_RECORDS FOR THIS EXERCISE_.

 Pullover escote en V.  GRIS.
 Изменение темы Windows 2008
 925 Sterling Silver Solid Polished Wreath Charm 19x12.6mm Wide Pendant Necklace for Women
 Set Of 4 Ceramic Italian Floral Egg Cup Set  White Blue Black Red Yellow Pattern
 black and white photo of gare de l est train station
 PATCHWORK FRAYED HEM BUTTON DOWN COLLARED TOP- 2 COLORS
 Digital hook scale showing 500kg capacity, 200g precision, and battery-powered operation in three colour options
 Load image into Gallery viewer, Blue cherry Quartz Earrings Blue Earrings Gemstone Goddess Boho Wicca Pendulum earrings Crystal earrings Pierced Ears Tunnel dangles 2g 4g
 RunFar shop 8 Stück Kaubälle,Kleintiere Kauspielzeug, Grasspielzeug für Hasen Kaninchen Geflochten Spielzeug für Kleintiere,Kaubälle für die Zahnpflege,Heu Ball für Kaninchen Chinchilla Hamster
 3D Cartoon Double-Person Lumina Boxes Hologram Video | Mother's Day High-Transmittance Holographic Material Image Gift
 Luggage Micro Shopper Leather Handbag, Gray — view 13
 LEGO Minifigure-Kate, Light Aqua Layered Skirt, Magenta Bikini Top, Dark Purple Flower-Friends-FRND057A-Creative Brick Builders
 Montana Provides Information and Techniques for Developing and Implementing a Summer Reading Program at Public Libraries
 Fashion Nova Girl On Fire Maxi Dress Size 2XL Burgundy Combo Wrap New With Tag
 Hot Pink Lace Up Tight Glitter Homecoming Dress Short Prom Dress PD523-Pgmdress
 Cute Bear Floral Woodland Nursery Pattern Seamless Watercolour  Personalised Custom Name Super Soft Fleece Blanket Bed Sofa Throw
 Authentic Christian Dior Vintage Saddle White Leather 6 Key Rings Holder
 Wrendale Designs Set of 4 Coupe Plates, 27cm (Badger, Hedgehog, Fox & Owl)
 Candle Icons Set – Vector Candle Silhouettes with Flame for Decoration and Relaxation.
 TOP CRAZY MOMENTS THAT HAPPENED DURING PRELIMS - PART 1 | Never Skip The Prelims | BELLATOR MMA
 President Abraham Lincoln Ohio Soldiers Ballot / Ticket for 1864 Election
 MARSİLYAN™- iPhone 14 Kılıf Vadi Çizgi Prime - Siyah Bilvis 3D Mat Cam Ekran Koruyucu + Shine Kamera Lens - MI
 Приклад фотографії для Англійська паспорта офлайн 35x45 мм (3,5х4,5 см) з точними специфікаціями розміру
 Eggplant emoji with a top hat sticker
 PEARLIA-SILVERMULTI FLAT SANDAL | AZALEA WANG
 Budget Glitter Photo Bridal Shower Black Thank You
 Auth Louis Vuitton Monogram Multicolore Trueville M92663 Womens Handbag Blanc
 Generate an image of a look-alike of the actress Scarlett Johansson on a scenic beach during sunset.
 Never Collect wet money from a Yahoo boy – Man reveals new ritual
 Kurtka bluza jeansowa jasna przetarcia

_BRIEF_. Which of the lines above hold the string "Never"? Pick each of them out.

_RESULT FOR THIS TASK_.
 TOP CRAZY MOMENTS THAT HAPPENED DURING PRELIMS - PART 1 | Never Skip The Prelims | BELLATOR MMA
 Never Collect wet money from a Yahoo boy – Man reveals new ritual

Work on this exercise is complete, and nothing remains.